NIO -XX:MaxDirectMemorySize=256m

Specifies the maximum amount of memory in bytes that the Java NIO library can allocate for direct memory buffers.  The default is 64 megabytes, which corresponds to 64m.  The use of direct memory buffers can minimize the copying cost when doing I/O operations.

Darrel said this switch is no longer pertinent.
________________________________________________________________________________

NIO DistributionManager.enqueueOrderedMessages=false

Inlines incoming message processing.
________________________________________________________________________________

EVICTION CONTROL lru.maxSearchEntries=10

Limits LRU eviction search to the specified number of entries.  Improves eviction performance as the number of entries searched decreases.  However, the semantics are no longer LRU.  See LRUStatistics.greedyReturns for a count of how many evictions were carried out in a not-completely-LRU manner.
________________________________________________________________________________

JAVA VM -Xms, -Xmx

Try not to exceed 80% of available RAM.  Exceeding available RAM results in swapping to disk.
________________________________________________________________________________

JAVA VM -XX:CompileThreshold=100

Shortens the HotSpot compilation warm-up period.  The default setting for the server VM is 10,000, which cause warm-up to take minutes.  The default for the client VM is only 1500, but hydra defaults to using server VMs.  Too low a value delays application startup, due to HotSpot compiling just about every method it discovers into native code.
________________________________________________________________________________

JAVA GC

The default garbage collector should be the first choice for garbage collection and will be adequate for the majority of applications. Each of the other collectors have some added overhead and/or complexity, which is the price for specialized behavior. If the application doesn't need the specialized behavior of the alternate collectors, use the default collector.
________________________________________________________________________________

JAVA GC -XX:+UseConcMarkSweepGC

The concurrent low pause collector.  Collects tenured generation concurrently with the application, thereby reducing the duration of pauses.  Useful for applications with large sets of long-lived data.
________________________________________________________________________________

JAVA GC -XX:+UseParNewGC

Enables multithreaded young generation collection.
________________________________________________________________________________

JAVA GC -XX:NewSize=16m and -XX:MaxNewSize=16m

Initial and maximum size of the young generation, that is, the amount of heap used for object creation.  A larger young generation yields fewer minor GCs, but also shrinks the tenured generation, increasing the frequency of major collections.  And vice versa.
________________________________________________________________________________

JAVA GC -XX:NewRatio=1

This denotes the relative size of the tenured generation to the young generation.  By default, the young generation size is controlled by NewRatio. For example, setting -XX:NewRatio=3 means that the ratio between the young and tenured generation is 1:3. In other words, the combined size of the eden and survivor spaces will be one fourth of the total heap size. 
________________________________________________________________________________

JAVA GC -XX:+AggressiveHeap

For large applications that are heavily threaded and run on hardware with a large amount of memory and a large number of processors, first try the aggressive heap option.  This option inspects the machine resources (size of memory and number of processors) and attempts to set various parameters to be optimal for long-running, memory allocation-intensive jobs. It was originally intended for machines with large amounts of memory and a large number of CPUs, but in the J2SE platform, version 1.4.1 and later it has shown itself to be useful even on four processor machines.
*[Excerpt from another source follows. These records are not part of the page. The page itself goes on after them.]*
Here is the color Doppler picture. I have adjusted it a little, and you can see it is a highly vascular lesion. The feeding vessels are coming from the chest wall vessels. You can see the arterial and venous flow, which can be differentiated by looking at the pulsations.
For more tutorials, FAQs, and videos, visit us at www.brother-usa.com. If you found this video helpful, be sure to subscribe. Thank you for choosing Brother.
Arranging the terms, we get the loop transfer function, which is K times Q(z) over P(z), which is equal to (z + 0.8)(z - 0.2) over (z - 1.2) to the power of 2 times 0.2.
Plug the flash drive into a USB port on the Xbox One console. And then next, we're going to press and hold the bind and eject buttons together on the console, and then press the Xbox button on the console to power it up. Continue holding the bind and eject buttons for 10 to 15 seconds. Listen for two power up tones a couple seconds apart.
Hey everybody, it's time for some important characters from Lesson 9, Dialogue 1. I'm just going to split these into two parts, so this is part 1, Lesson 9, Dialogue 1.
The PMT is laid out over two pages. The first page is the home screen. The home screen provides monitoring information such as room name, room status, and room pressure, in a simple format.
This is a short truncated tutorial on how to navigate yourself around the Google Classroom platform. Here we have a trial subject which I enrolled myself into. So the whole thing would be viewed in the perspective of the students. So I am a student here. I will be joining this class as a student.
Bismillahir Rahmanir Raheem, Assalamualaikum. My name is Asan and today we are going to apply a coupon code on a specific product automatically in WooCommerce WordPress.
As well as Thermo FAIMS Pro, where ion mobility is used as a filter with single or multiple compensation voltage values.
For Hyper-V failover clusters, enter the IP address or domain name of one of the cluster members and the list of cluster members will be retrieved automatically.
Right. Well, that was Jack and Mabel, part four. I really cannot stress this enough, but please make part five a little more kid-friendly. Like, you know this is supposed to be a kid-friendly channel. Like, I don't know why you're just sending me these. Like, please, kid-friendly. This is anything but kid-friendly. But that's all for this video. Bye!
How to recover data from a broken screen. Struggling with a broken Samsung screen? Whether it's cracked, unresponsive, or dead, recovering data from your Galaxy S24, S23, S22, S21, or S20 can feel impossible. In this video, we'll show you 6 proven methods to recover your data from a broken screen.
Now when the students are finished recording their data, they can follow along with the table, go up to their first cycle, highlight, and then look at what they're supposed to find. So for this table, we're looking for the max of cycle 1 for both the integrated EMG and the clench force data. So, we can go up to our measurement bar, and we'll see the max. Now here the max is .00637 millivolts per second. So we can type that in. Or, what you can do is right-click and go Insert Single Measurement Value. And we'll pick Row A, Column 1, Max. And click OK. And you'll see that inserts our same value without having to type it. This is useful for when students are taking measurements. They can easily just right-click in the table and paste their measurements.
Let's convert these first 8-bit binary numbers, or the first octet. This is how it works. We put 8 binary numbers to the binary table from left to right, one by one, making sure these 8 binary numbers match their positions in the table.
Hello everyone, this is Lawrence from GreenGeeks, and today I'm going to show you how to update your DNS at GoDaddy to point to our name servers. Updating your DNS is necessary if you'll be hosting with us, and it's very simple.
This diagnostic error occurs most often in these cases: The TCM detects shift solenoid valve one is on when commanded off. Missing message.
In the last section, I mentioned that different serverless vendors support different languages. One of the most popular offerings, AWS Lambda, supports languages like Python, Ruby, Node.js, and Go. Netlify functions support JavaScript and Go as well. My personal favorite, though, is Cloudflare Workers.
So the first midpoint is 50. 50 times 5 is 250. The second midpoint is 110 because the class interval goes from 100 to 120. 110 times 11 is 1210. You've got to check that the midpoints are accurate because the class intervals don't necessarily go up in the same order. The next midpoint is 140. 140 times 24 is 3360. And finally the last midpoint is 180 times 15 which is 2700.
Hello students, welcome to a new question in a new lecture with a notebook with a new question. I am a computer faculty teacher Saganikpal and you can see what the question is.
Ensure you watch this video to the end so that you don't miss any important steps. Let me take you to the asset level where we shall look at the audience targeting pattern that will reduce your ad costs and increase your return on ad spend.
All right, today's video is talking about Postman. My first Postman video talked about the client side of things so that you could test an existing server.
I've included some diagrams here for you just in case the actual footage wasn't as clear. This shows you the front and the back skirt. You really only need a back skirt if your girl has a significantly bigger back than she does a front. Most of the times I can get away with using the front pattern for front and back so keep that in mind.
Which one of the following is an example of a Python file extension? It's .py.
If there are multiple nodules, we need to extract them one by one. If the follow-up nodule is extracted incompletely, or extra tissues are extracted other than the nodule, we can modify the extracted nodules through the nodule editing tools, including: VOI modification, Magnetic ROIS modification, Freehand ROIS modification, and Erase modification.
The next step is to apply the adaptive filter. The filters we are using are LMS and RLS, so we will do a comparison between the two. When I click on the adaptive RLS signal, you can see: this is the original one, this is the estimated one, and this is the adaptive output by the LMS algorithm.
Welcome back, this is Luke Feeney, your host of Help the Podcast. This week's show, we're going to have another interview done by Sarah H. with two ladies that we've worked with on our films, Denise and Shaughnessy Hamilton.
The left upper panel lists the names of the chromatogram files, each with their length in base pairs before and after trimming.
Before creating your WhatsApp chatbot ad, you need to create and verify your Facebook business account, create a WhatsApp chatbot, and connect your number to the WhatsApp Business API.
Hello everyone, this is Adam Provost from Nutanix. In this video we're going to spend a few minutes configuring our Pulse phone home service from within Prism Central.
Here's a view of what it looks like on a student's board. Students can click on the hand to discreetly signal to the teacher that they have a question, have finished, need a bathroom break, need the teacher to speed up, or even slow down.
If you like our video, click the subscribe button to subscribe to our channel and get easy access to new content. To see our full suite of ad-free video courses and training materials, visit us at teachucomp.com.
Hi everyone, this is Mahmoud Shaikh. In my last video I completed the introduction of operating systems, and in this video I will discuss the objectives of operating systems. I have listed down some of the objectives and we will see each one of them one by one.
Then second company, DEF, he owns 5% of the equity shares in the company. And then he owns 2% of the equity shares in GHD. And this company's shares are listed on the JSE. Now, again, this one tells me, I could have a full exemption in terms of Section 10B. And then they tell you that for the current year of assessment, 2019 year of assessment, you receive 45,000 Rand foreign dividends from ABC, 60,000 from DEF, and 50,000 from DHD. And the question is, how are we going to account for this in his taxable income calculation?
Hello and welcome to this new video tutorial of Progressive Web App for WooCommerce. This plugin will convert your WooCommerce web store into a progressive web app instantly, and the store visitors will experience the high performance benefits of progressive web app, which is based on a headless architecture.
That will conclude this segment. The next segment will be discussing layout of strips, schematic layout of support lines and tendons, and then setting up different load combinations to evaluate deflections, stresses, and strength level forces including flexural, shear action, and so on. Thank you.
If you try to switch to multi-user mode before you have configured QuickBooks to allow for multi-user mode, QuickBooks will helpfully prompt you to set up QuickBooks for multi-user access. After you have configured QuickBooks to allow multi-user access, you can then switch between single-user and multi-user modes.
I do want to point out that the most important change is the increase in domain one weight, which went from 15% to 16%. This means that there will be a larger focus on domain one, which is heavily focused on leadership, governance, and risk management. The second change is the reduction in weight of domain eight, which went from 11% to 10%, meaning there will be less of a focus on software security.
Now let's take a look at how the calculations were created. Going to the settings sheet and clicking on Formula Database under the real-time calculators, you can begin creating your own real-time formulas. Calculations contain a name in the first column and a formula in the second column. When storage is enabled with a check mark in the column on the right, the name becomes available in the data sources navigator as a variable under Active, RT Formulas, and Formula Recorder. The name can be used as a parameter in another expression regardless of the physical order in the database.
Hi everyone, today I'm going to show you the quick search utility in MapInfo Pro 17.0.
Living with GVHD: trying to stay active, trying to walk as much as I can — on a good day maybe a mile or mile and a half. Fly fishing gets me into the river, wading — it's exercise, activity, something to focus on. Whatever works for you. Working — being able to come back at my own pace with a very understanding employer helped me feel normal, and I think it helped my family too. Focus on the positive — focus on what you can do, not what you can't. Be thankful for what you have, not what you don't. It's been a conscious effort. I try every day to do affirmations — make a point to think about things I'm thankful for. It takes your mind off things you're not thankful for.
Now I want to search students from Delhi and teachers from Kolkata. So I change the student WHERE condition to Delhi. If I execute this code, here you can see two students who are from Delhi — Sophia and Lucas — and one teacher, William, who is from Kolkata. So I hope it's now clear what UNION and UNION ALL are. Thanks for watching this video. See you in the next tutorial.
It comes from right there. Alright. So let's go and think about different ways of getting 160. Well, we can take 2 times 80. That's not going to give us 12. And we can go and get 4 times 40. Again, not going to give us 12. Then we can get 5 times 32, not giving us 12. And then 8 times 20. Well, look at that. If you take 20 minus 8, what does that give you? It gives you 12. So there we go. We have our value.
With this option the throughput collector (-XX:+UseParallelGC) is used along with adaptive sizing (-XX:+UseAdaptiveSizePolicy). The physical memory on the machines must be at least 256MB before AggressiveHeap can be used. The size of the initial heap is calculated based on the size of the physical memory and attempts to make maximal use of the physical memory for the heap (i.e., the algorithms attempt to use heaps nearly as large as the total physical memory).
________________________________________________________________________________

JAVA GC -XX:+DisableExplicitGC

Turns off explicit GC.
________________________________________________________________________________

JAVA GC -XX:MaxGCPauseMillis=n

Not recommended.  Does not work well.
________________________________________________________________________________